Abstract | Paper -a:
In my research on the exegesis of the Song of Songs, I noted the intensifying of anti-Jewish rhetoric in certain, although not all Carolingian exegetes, and in those biblical scholars, such as Robert of Tombelaine, associated with the Gregorian Reform. In this paper, I will examine further how monastic reformers in particular employed rhetorical and polarising discourses identifying the enemies of the church, in which Jews figured as prominent targets. This language must also be understood in relation to political events, such as the Carolingian civil war under Louis the Pious. In this light, I will compare anti-Jewish language employed by Agobard with Theodulf of Orléans, Hrabanus Maurus, and Paschasius Radbertus, and compare this with Gregorian rhetoric employed by Robert and Peter Damian.
Paper -b
During the medieval period, religious dissidence was commonly connected with the accusation of sexual misconduct, in folklore but also in heresy trials.

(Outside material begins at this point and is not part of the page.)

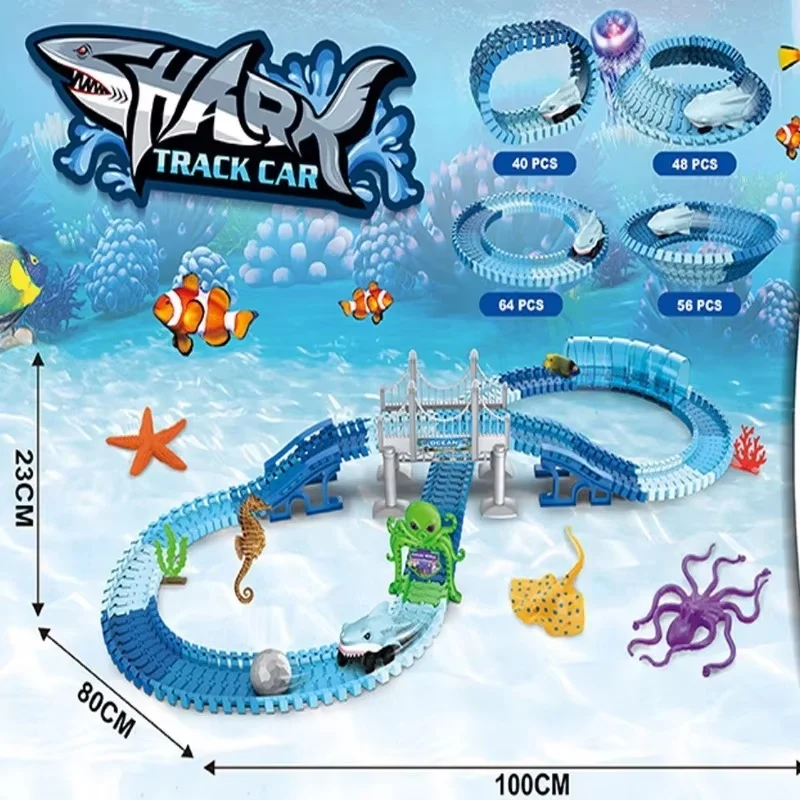 Bricolage enfants ensemble de vapeur assemblage amusant requin Rail voiture dessous de verre jouet Parent enfant Interaction Puzzle monde sous-marin enfants jouet cadeaux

With the Reformation this logic seemed to falter, as the reformers had new ideas about the freedom of conscience and sexuality. But in the end, the old tale of the sexual unbehaved heretic took hold again and was used against groups such as the Anabaptists. The Reformers were more medieval in their mindset than they thought. This paper aims to present the entanglement of the Reformers in the medieval picture of the heretic as the 'missing link' between medieval and modern religious persecution.
Paper -c:
This paper investigates the 15th-century observant reform within the order of St Clare, and the relation of the Clarisses with the male observant movement of the Franciscan Order. The question I will try to answer concerns the when and how the rule of St Clare became entangled with the ideal of the return to the pristine traditions of the observant reformers. Was the adoption of the rule of St Clare considered a privileged means to reform the order, as is recounted in later chroniclers and documents; or was it only one of several other aspects of reform?